KABUL (Reuters) - A chartered airplane carrying 125 Afghan refugees back from Germany landed in Kabul on Wednesday, with officials on hand eager to assure the returnees that they have a future in Afghanistan.
The refugees returned voluntarily, in what is expected to be the first of many such flights coordinated between the governments in Kabul and Berlin as well as the International Organization for Migration, according the German embassy in Kabul.
Seeking to escape the violence and economic malaise that continue to grip their home country, Afghans make up a major portion of the hundreds of thousands of refugees who have been pouring into Europe, which has struggled to find ways to accommodate the arrivals.
Officials in Kabul greeted the returning refugees with signs saying "Welcome back, Afghanistan needs you."
"After a difficult way to Germany in the hands of people smugglers they realized their future is in Afghanistan and that they are needed in their home country," the German embassy said in a statement.

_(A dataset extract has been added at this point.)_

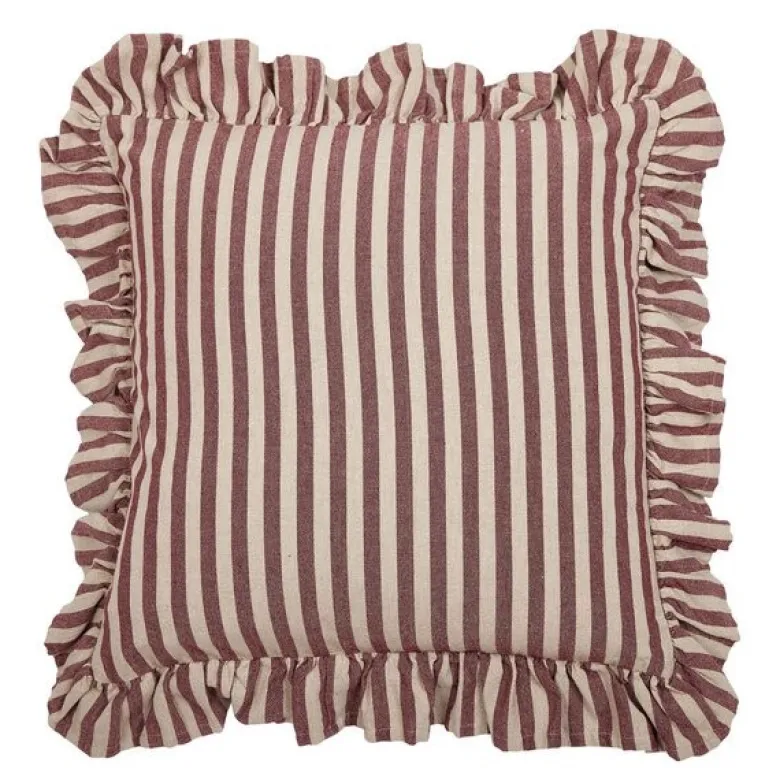 Svea putetrekk 48x48 cm vinrød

Many Afghans made their way to Germany, but in recent months the German government has launched media campaigns to dissuade would-be refugees from making the trip, warning of dangerous human traffickers and limited opportunities in Europe.
Afghans were 27 percent of the more than 100,000 refugees who made the dangerous journey across the Mediterranean Sea in January, second only to the number fleeing war-torn Syria, according to data collected by the United Nations.